## Your goal
Transcribe each record exactly, but omit pictures.

[Stored entries]
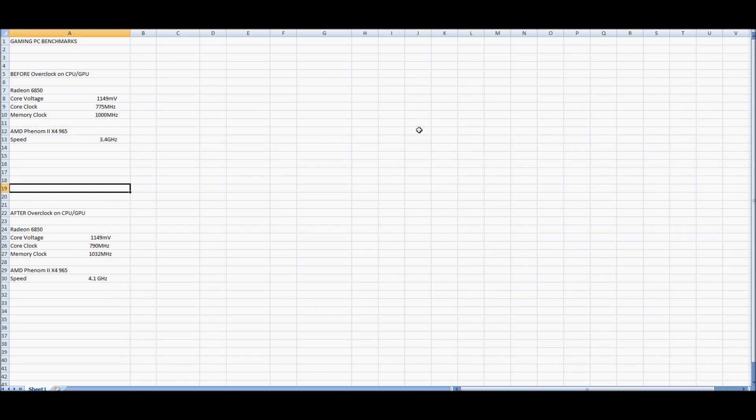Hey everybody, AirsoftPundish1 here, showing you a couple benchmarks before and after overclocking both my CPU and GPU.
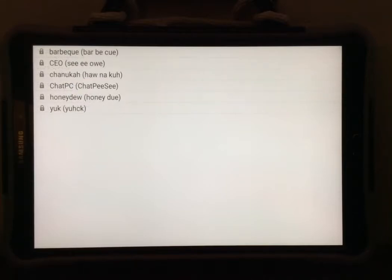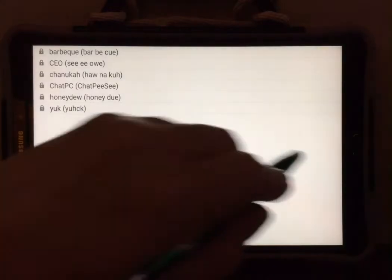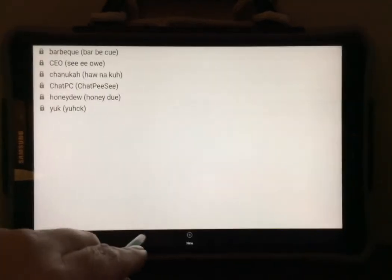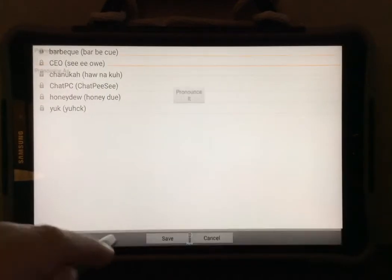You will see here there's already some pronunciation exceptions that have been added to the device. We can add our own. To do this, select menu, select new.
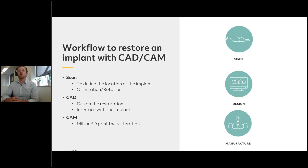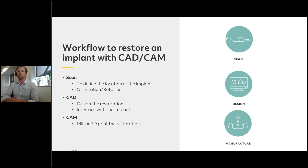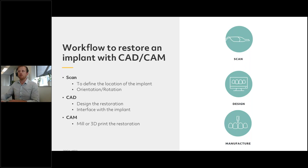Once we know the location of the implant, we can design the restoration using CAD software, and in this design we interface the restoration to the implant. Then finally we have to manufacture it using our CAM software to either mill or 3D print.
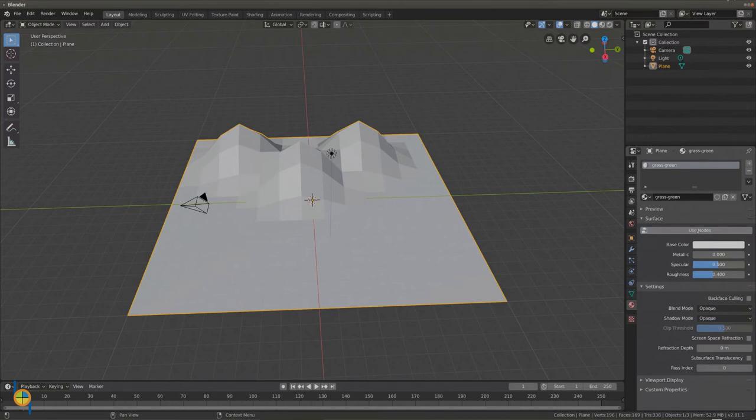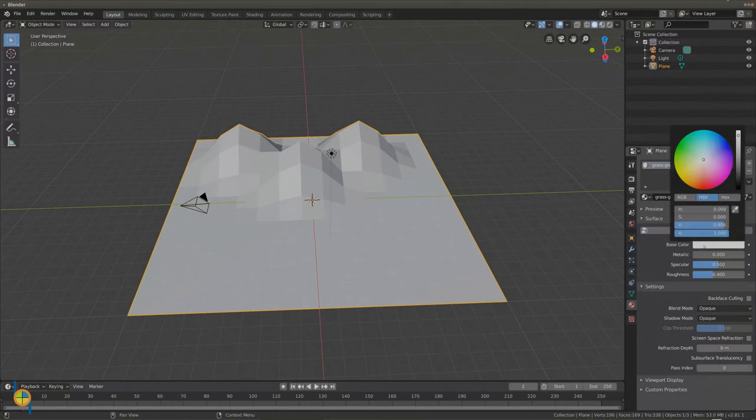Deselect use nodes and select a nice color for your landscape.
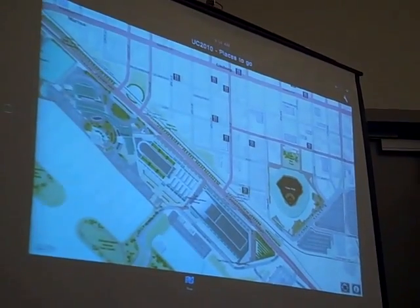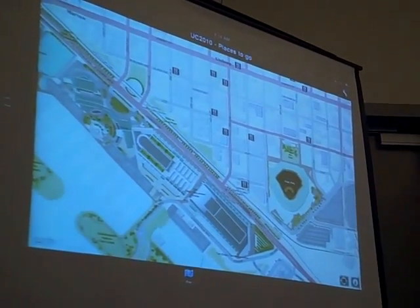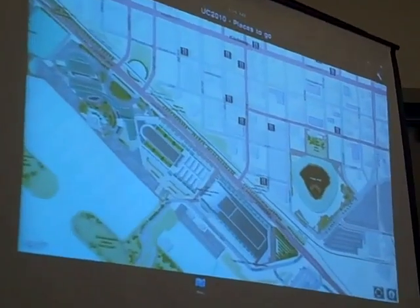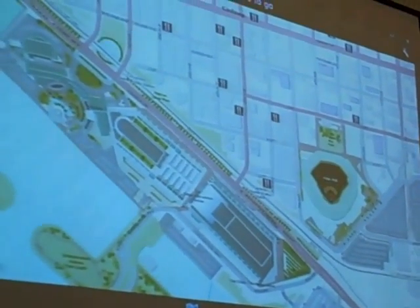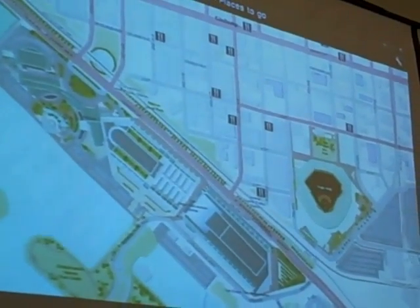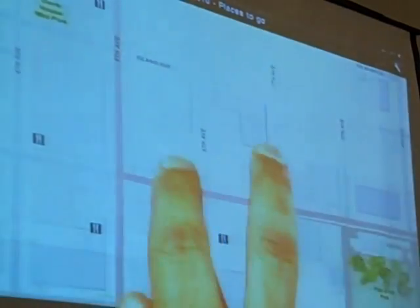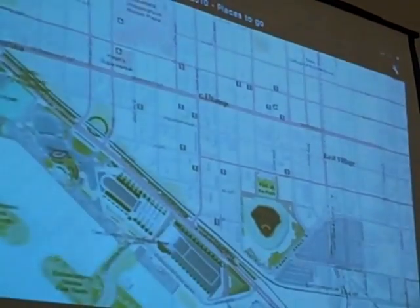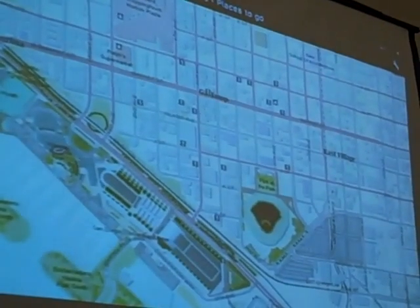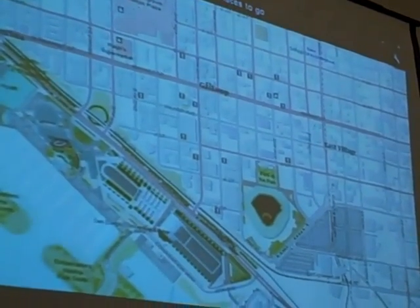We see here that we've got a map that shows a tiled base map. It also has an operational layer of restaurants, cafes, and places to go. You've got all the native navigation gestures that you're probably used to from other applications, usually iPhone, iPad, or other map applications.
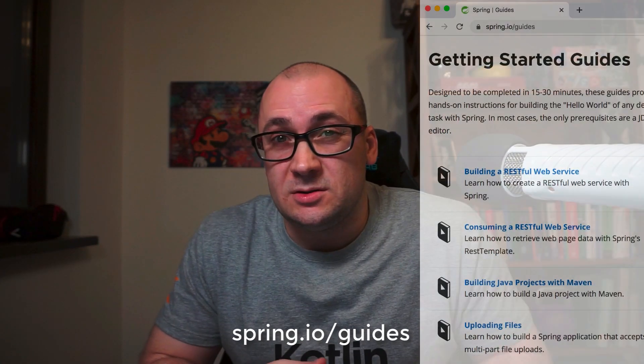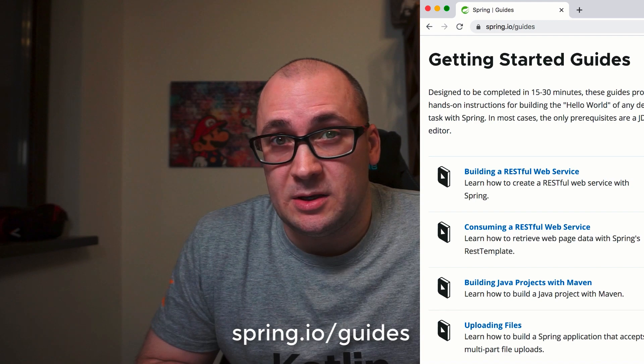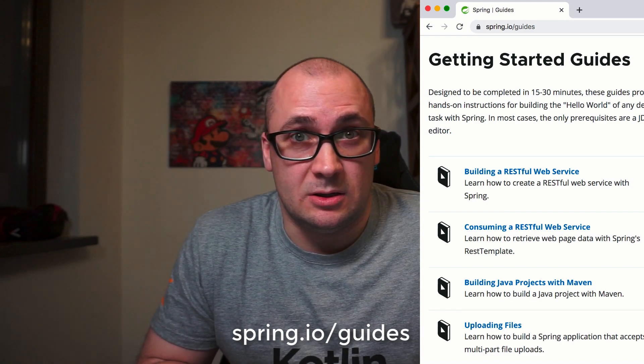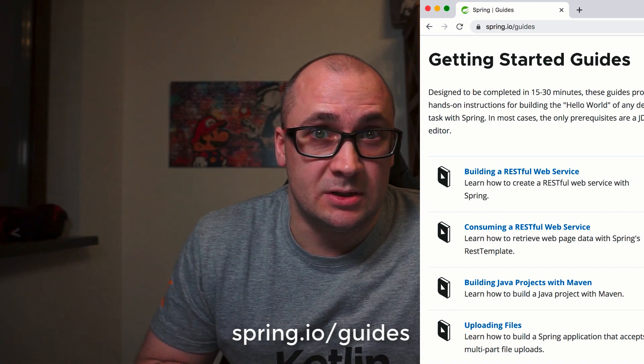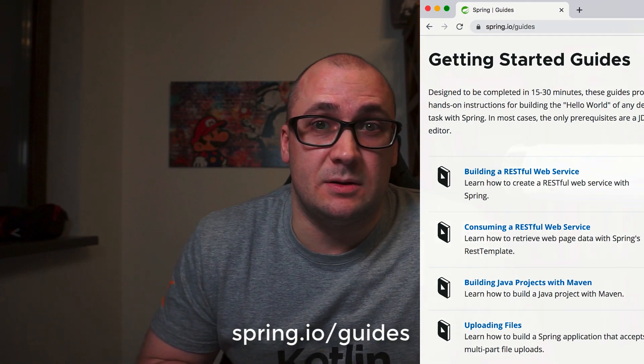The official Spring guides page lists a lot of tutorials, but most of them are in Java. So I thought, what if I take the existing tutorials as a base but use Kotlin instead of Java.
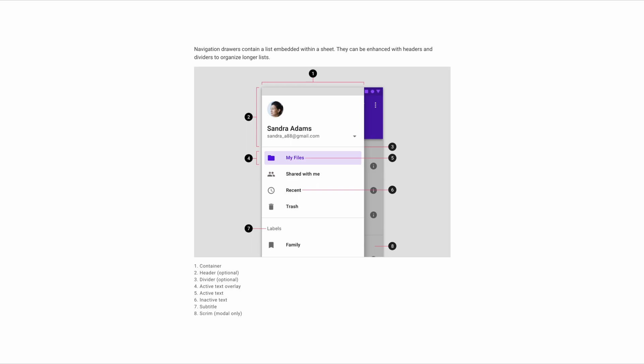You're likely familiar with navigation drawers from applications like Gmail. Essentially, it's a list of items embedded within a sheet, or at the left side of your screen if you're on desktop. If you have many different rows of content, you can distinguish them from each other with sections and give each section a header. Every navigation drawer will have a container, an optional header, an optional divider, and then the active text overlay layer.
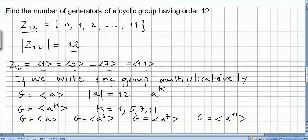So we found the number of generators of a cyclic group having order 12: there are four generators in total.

## Reply to the exercise
Hey everybody, AirsoftPundish1 here, showing you a couple benchmarks before and after overclocking both my CPU and GPU.
You will see here there's already some pronunciation exceptions that have been added to the device. We can add our own. To do this, select menu, select new.
Once we know the location of the implant, we can design the restoration using CAD software, and in this design we interface the restoration to the implant. Then finally we have to manufacture it using our CAM software to either mill or 3D print.
Deselect use nodes and select a nice color for your landscape.
We see here that we've got a map that shows a tiled base map. It also has an operational layer of restaurants, cafes, and places to go. You've got all the native navigation gestures that you're probably used to from other applications, usually iPhone, iPad, or other map applications.
The official Spring guides page lists a lot of tutorials, but most of them are in Java. So I thought, what if I take the existing tutorials as a base but use Kotlin instead of Java.
You're likely familiar with navigation drawers from applications like Gmail. Essentially, it's a list of items embedded within a sheet, or at the left side of your screen if you're on desktop. If you have many different rows of content, you can distinguish them from each other with sections and give each section a header. Every navigation drawer will have a container, an optional header, an optional divider, and then the active text overlay layer.
So we found the number of generators of a cyclic group having order 12: there are four generators in total.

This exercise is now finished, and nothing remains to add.